Distribution Strategy
Distribution Strategy: Exclusive, Selective, Intensive

Distribution strategy refers to the approach and decisions made by a company regarding how its products or services will reach customers. It involves selecting the appropriate distribution channels and determining the level of market coverage desired. Here are the three main distribution strategies:

Exclusive Distribution:
Exclusive distribution involves limiting the number of intermediaries or retailers authorized to sell a product or service within a specific geographic area. This strategy is often used for high-end or luxury products, where maintaining brand image and control over the sales process is crucial. By granting exclusivity to selected retailers, companies can ensure a higher level of customer service, brand consistency, and premium pricing.

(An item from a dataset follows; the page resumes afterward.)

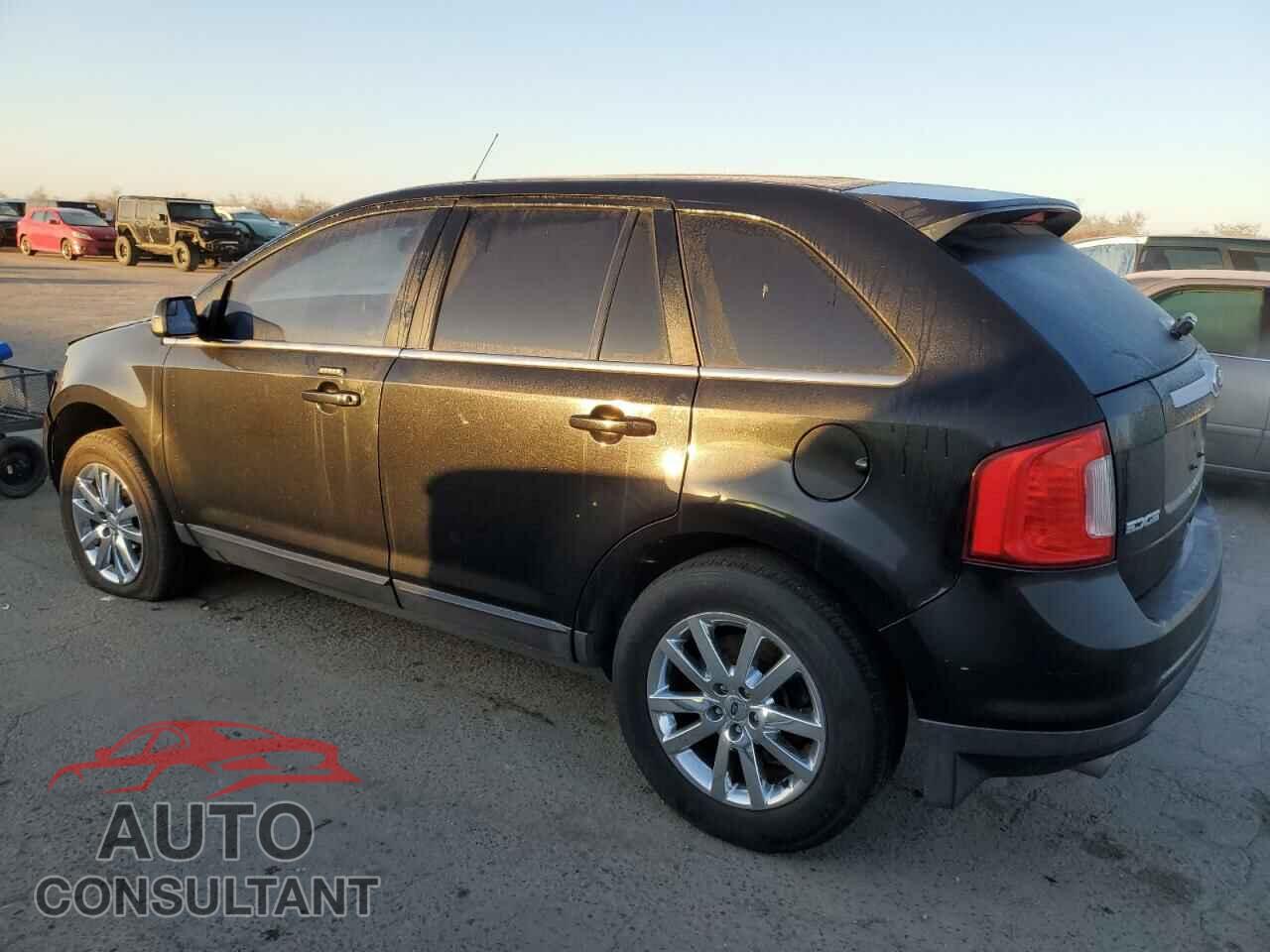 FORD EDGE 2013 - 2FMDK3KC6DBB02312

Exclusive distribution may result in lower market coverage but can create an aura of exclusivity and enhance the perception of a product's value.
Example: Luxury fashion brands that only sell their products through selected high-end department stores or boutique stores.

Selective Distribution:
Selective distribution involves working with a limited number of intermediaries or retailers that meet specific criteria. The selection process considers factors such as geographical location, reputation, customer base, and capabilities. This strategy allows companies to maintain some control over the distribution process while reaching a wider market compared to exclusive distribution. Selective distribution is commonly used for products with moderate demand and where maintaining a certain level of brand image and customer experience is important.
Example: Electronics manufacturers that work with authorized retailers and online marketplaces to sell their products.

Intensive Distribution:
Intensive distribution aims to make a product or service available through as many outlets as possible, maximizing market coverage. This strategy is commonly used for low-priced, frequently purchased, or widely consumed products. By distributing products widely across multiple channels, companies can reach a larger customer base and maximize sales opportunities. Intensive distribution often requires close collaboration with various retailers and wholesalers to ensure widespread availability.
Example: Consumer goods such as soft drinks or snacks that are available in numerous convenience stores, supermarkets, and online platforms.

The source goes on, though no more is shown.